Há mais de um mês que leio o romance, e há mais de um mês que me chateio. Entenda-se o emprego do termo “chatear” em toda a extensão de sua área semântica: me aborreço com o tempo que perco fazendo isso; me entedio com o que leio; me entristeço pelo livro e me decepciono comigo mesmo ao constatar que, naquilo que muitos consideram “a obra-prima de Nabokov”, não sou capaz de encontrar senão um romance de cacoetes. Não me orgulho disso, ao contrário: sinto que perdi uma companhia extraordinária com a qual sempre pude contar.

Em Ada ou Ardor, contra a minha própria vontade, não consigo reconhecer mais do que o colapso dos maneirismos estilísticos e das opiniões programaticamente esnobes de Nabokov. A rigor, parece-me que ele apenas se dedica laboriosamente a imitar-se a si mesmo. E o pior é que, como todo imitador que é também um fã incondicional do que imita, acaba adotando os sestros mais espalhafatosos, e perdendo de vista as virtudes mais sutis ou dificultosas.

Vou tentar ser mais específico, embora mais uma vez esteja agindo em contradição com a minha vontade, que era fechar o livro a meio, e não falar mais dele, tamanho os maus humores que desatou em meu sangue. Entretanto, já ao falar assim grosseiramente do livro, a minha impressão imediata, em sentido contrário, é a de que, num tempo não muito distante, vou acabar comungando com a turma de fanáticos de Nabokov que aposta em Ada ou Ardor como a sua “obra-prima”. Mas não, não agora.

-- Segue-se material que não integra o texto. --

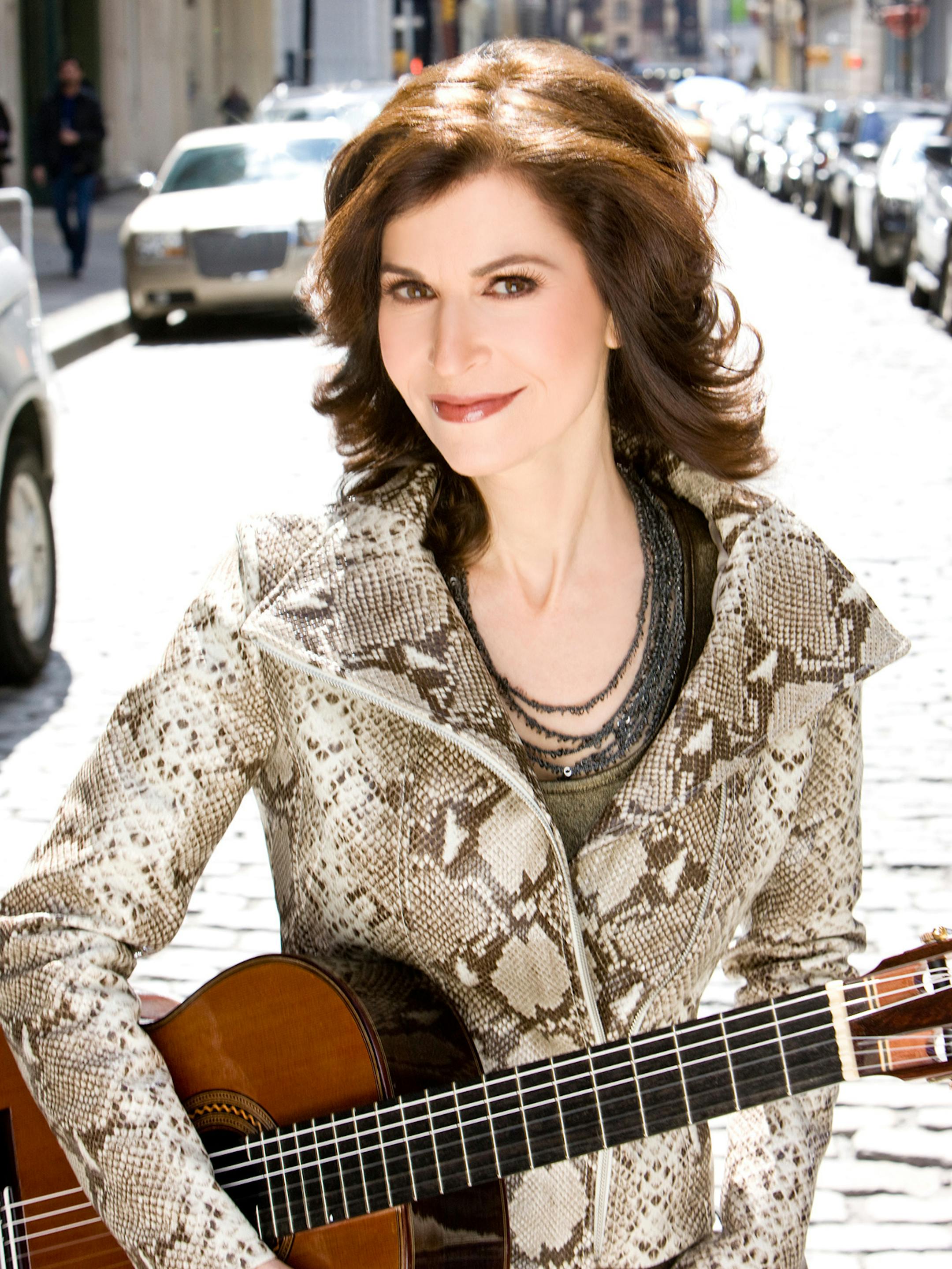 Photo by J Henry Fair Sharon Isbin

Neste momento, nada me fará recuar de expor meu desgosto em meio ao livro: tenho de fazê-lo pagar pelo meu esforço, pelo meu torpor, até pela minha má vontade diante desta resenha que, antes de ser feita, já não pode ser feita. O que escrevo agora, infelizmente, sequer é resenha, mas crônica. Algum patetismo cômico se alojou em mim durante a escrita e não poderá mais ser ignorado: Ada ou Ardor simplesmente arrasou com a minha disposição analítica e me fez sentir, ao mesmíssimo tempo, vítima do engodo e culpado de reconhecê-lo.

Tornando, contudo, ao ponto acima referido, quando digo que Nabokov se imita a si mesmo, quero dizer duas coisas: primeiro, que ele o faz aludindo a elementos de toda a sua obra anterior; segundo, que esta alusão é feita não apenas em termos diretos, como também ocorre muitas vezes, mas também de modo oblíquo, por meio da confecção de um pastiche idiossincraticamente nabokoviano dos grandes romancistas do século 19, especialmente os russos, aqueles que estão dispostos a inventar as profundezas da alma da criatura – composto químico de expressividade, psicologia, mística e tortura – com os restos das entranhas de seu Criador morto.

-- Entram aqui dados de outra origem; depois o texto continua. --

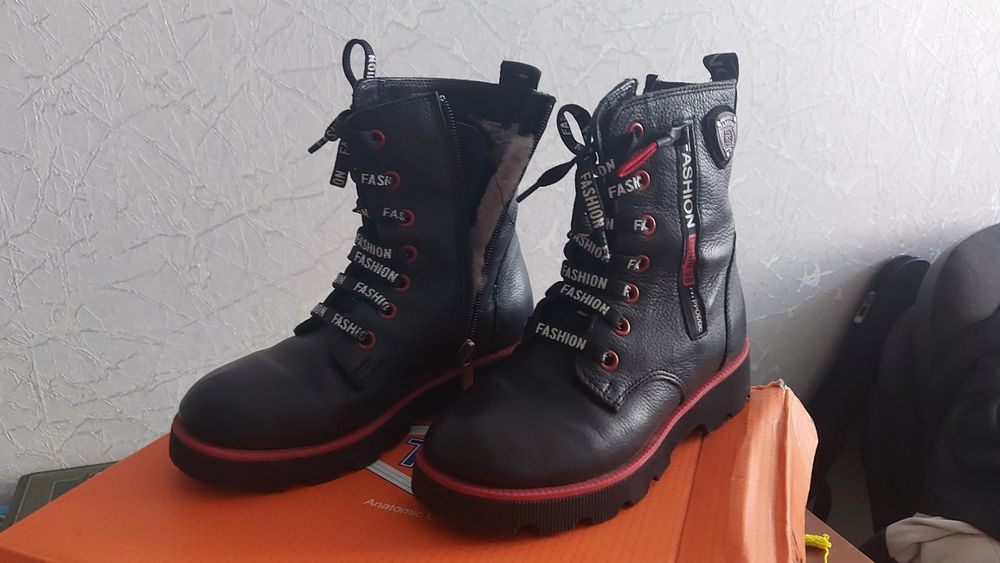 Ботинки для девочки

Mas não é apenas isso. Nabokov imita Nabokov também por meio da vontade de superação daqueles outros romancistas, aqueles do início do 20 – penso primeiramente em Joyce e Proust –, que liquidaram o gênero tal como se havia estabilizado no século anterior. Ambos encavalaram, por assim dizer, o andamento unitário e verossímil da narrativa, a complexidade psicológica das personagens e a coerência do ponto de vista de seu narrador com uma hermenêutica da palavra e da escrita. Digo: uma hermenêutica que já não permitia ocultar o descompasso entre a linguagem e o mundo com a máscara das ideias plenas, do sentimento, da expressão, do conhecimento de si ou do outro. Curiosamente, em Ada ou Ardor – Crônica de uma Família, Nabokov quis compor uma e outra coisa, por mais antagônicas que fossem. E, não bastasse isso, quis mais ainda: quis fornecer a síntese implausível das duas coisas. Vale dizer: um romance, um supra-romance e uma teoria de tudo.

Não vejo mal em ser pretensioso. Um grande romancista é pretensioso por definição, isto é, busca grandes quantidades de sentidos para corresponder à copiosidade de palavras que emprega, mas talvez não fizesse mal se ousasse medir, de vez em quando, a grandeza de seus ombros em relação à carga a ser transportada, como aconselhava o prudente Horácio aos jovens Pisões. O problema é que – seria inútil dizer que ficaria sinceramente grato a alguém que me demonstrasse o contrário? –, Nabokov não faz nenhuma dessas coisas direito. Ada ou Ardor é frio como o diabo do inferno dantesco, mas não tem traço do terror sublime que este inspira.

Talvez não esteja sendo suficientemente claro. Retomo cada um dos pontos: Nabokov não faz nada direito, pois, para começar, não faz um bom romance do século 19, o que era mais ou menos previsível para alguém que escreve no fim da década de 60 do século 20. As personagens principais são todas inconsistentes e caricatas, compostas basicamente de gênios, ricos e precoces, e de preferência pelos três juntos numa só delas (os Glass, de Salinger, são limítrofes perto da erudição e agudeza da família nabokoviana). Além disso, a narrativa é dispersiva, ao abarcar um período de quase 100 anos, que é o quanto vivem os protagonistas, e o narrador trata tudo com empáfia e pela rama. É forçada a história das crianças amantes e incestuosas, sequiosas por sexo na grama – irmãos, supostamente, mas o parecem mais por ser idênticos na caricatura, do que por determinação verossímil do enredo. Banal é o relato que faz da literatura e da política do mundo, desde o final do século 19 até os anos 50 do século seguinte. Trívia é o que melhor traduz a suposta curiosidade dos jovens por todos os ramos das ciências e das artes do período (aqui o modelo emulado é o tipo de densidade cientificista buscada por Thomas Mann, cujos defeitos de base, na imitação, se amplificam). Ada ou Ardor nunca deixa nada por menos ou menor. Devia ser esquartejada e mandada aos pedacinhos aos editores de Nature ou Science.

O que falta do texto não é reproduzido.